My third project for the Neighborhood Restaurant Group really became an almost year long labor of love.  After finishing Churchkey, the owner, Michael Babin, and the lead designer, Catherine Hailey, asked me to work with them on the Ballston location of their wildly popular restaurant, Rustico. It isn't often that clients give an artist free reign to experiment with different concepts all in the same space, but that is exactly what happened in this case.  It was the first large scale project where all I designed the lighting for all the public spaces, and it challenged me to design distinct pieces for each room while maintaining cohesion in the space.


The first fixtures I worked on were the Steampunk fixtures for the entry foyer and the bar area, where my love for industrial design was allowed to flourish. For the 6 bar fixtures I started with stainless steel balls at the top, and then used a collection of vintage aluminum and nickel thermoses that I had collected over the years to build the main stem. I installed sockets on some of the thermoses, as well as on some old movie reels.  To soften the light from below, I sandblasted some reclaimed glass lenses that had been used in light fixtures at an old factory in NY. 

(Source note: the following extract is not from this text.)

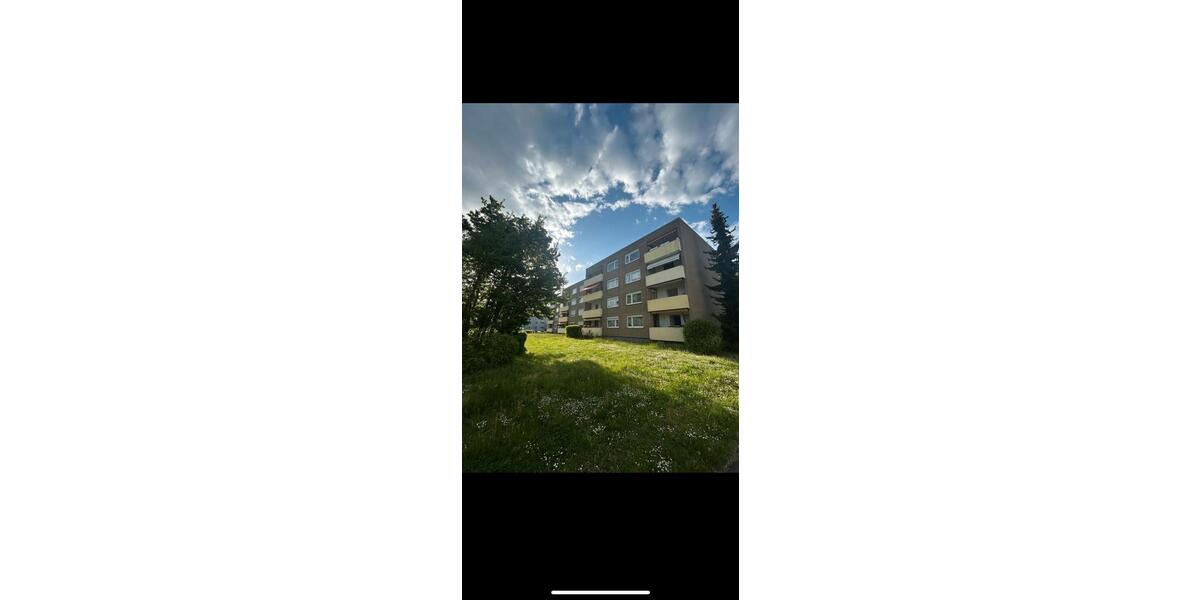 Dachgeschoßwohnung Böblingen Dagersheim - 4 Zimmer, 89 m&sup2;, 350.000&euro; | Angebot:26919967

Over the bar I attached cylindrical fixtures onto curved brass rods.  The cylinders have amber lucite rods threaded through them that cover the same long tubular filament bulbs used in the hanging fixtures, the idea being "Art Deco meets Steampunk". The booth and wall lighting when complete will have a similar aesthetic and use the amber rods, but will be constructed differently.

 

For the main dining room, Catherine and I wanted to create more of an "installation" than a single fixture and so I designed 41 brass and steel minimalist rod armatures, decorated with some vintage erector set wheels. After working with the exposed filament bulbs in the bar lights, I wanted to carry that theme through to the dining rooms to provide some design continuity, so in this room I used 11 inch tubular bulbs. Scattering the alignment of the rows afforded some optical interest depending on the angle of the viewer.


In the middle room, I used a reclaimed floor candlestick as the body, with 6 brass arms, capped with opposing recycled beer bottles (from some of Michael's other restaurants). The original Rustico restaurant in Alexandria has done some playful things with bottle lights so I wanted to create a piece that paid homage to that.  Michael, Catherine and I also spent some late nights creating the bottle and mirror wall at the front of the restaurant. 



The back room is a private and organic space with wood and cork dominating the design. For this area I wanted a more subtle, almost celestial feel and designed "exoskeleton" orbs out of various topiary frames, connected them with aged chain, and designed a sputnik fixture to float in the middle, again using the exposed filament bulbs which look beautiful when they are dimmed.